Five-fold twinned copper nanowire gas diffusion electrodes for electrochemical CO2 reduction with enhanced C2 product selectivity and stability

Abstract

Copper nanowires with fivefold twinned structures (t-CuNWs) are shown to be effective as cathode catalysts for the electrochemical CO₂ reduction reaction (CO₂RR) in a zero-gap electrolyzer to produce ethylene. The t-CuNWs, with surfaces enclosed by (100) facets, were selected for their enhanced CO adsorption strength, which along with the presence of the twin boundary defects, are proposed to promote C–C coupling—a key pathway toward multi-carbon (C₂) products.
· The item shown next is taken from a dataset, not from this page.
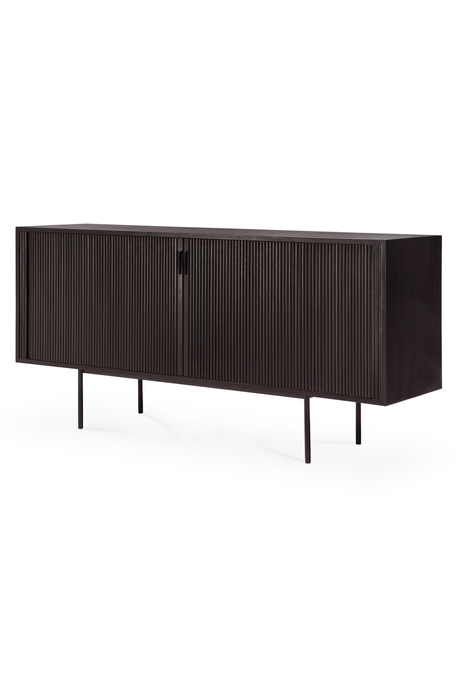 Varnished Teak Industrial Sideboard | Ethnicraft Roller Max | Oroa.com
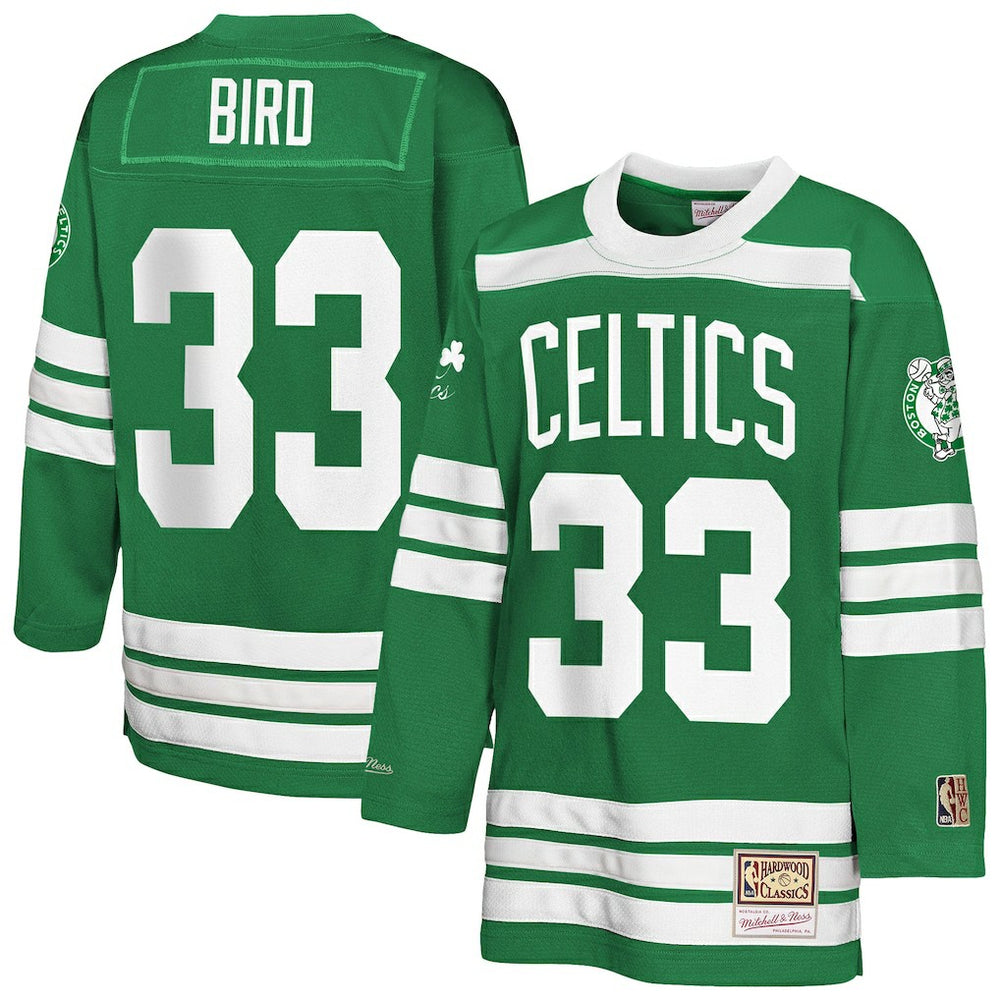 Mitchell & Ness Larry Bird Boston Celtics Youth Maxxed Out 2.0 Fashion Hockey Jersey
We also find that the entangled t-CuNWs exhibit enhanced hydrophobicity when compared to commercial Cu nanoparticles (CuNPs), which reduces electrode flooding and contributes to enhance the stability of the cathode. These characteristics distinguish t-CuNWs from CuNPs in terms of activity (overpotential, selectivity) and stability. The t-CuNWs exhibited ∼40% C₂H₄ Faradaic efficiency (FE) for more than 4 hours under a current density of 100 mA cm⁻², while commercial CuNPs exhibited ∼20% C₂H₄ FE for less than 4 hours and the CuNPs devices consistently required increased operating voltages. These findings highlight the potential of (100) faceted t-CuNWs for C₂ product formation in CO₂RR with facet engineering and hydrophobicity control.